Crawled caption data
* * *
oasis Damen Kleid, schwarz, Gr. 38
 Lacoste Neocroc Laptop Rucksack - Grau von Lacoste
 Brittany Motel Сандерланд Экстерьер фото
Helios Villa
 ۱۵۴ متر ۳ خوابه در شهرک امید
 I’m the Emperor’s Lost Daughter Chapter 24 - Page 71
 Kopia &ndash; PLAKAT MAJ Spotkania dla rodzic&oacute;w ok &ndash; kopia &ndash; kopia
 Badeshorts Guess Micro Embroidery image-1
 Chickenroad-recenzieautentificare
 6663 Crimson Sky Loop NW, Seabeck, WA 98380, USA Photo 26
* * *
Work task =>
Once more, write out all the data above exactly as given.

Output of the task =>
oasis Damen Kleid, schwarz, Gr. 38
 Lacoste Neocroc Laptop Rucksack - Grau von Lacoste
 Brittany Motel Сандерланд Экстерьер фото
Helios Villa
 ۱۵۴ متر ۳ خوابه در شهرک امید
 I’m the Emperor’s Lost Daughter Chapter 24 - Page 71
 Kopia &ndash; PLAKAT MAJ Spotkania dla rodzic&oacute;w ok &ndash; kopia &ndash; kopia
 Badeshorts Guess Micro Embroidery image-1
 Chickenroad-recenzieautentificare
 6663 Crimson Sky Loop NW, Seabeck, WA 98380, USA Photo 26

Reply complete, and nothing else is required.